| Task instructions |
Give as output the line that contains "Detail of a", followed by every remaining line of the entries, unchanged and with nothing added.
◇ ◇ ◇ ◇ ◇ ◇ ◇
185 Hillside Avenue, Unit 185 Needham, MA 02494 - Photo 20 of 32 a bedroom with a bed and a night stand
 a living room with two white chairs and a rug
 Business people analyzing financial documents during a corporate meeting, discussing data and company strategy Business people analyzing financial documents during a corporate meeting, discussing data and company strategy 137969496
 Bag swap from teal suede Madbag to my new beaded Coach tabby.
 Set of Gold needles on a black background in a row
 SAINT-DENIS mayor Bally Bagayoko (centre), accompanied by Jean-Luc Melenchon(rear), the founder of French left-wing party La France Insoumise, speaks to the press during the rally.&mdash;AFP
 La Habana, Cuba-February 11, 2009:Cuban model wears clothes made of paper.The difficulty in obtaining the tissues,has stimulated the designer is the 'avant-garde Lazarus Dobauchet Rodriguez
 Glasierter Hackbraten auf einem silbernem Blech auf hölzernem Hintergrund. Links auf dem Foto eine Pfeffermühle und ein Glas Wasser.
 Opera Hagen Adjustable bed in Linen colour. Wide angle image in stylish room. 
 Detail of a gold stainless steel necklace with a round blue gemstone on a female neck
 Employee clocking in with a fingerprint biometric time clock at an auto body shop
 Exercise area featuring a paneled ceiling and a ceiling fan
◇ ◇ ◇ ◇ ◇ ◇ ◇
| Result |
 Detail of a gold stainless steel necklace with a round blue gemstone on a female neck
 Employee clocking in with a fingerprint biometric time clock at an auto body shop
 Exercise area featuring a paneled ceiling and a ceiling fan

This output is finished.